Since there aren't many small able-to-fit-in-a-hub motors available, in my opinion, a reduction drive into the hub may be a better option because it increases the range of motors you can use (ie using the reduction gear to gain as much torque as you need)

This of course increases cost, complexity and space constraints since you need to design an extra gearbox inside the hub

But as others have mentioned, you'll probably need to do your own casing with the hub that can be IP protected. motors don't usually withstand such harsh conditions; moreover yours is an off-road application


----------



## Duncan (Dec 8, 2008)

Skid steer
6 wheels 
Off road 
500 kg

How about using swinging arm suspension with a motor co-axial with the swinging arm and enclosed chain drive from the motor to a simple hub - one for each wheel 

That keeps the motor up on the chassis - gives you some gearing options - and is relatively easy to seal


----------



## RickHoran (Apr 5, 2020)

Ausdroid:

If you haven't already done so, check out www.endless-sphere.com. There you will find tons of information regarding direct-drive and geared hub motors.
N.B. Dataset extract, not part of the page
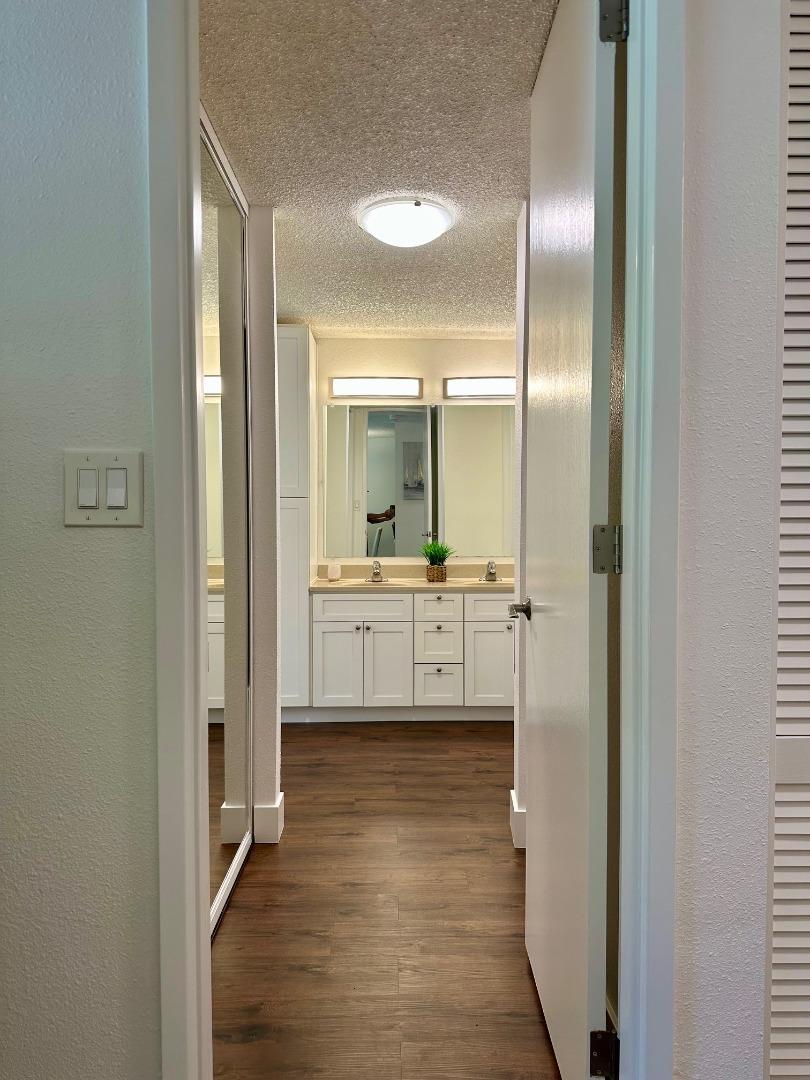 Detail Gallery Image 13 of 34 For 8129 Shelter Creek Ln, San Bruno,  CA 94066 - 1 Beds | 1 Baths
Good luck with your project! Sounds exciting!

Rick


----------



## CivicEV (Aug 1, 2015)

Is there a reason you wouldn't consider hydraulic wheel motors. Mount you electric motor in a safe place and drive a pump. I love electric everything but in harsh environments, hydraulics are so proven and reliable and solves the problems you alert to.


----------



## Paxelrad (Feb 13, 2020)

Wish I could help. I've been looking for these for several years. I'm trying to build a lightweight amphibious vehicle. Similar weights, low speed and power requirements. Nearest I've got is a company in Estonia building experimental drives for military purposes. They weren't really interested in my R&D.


----------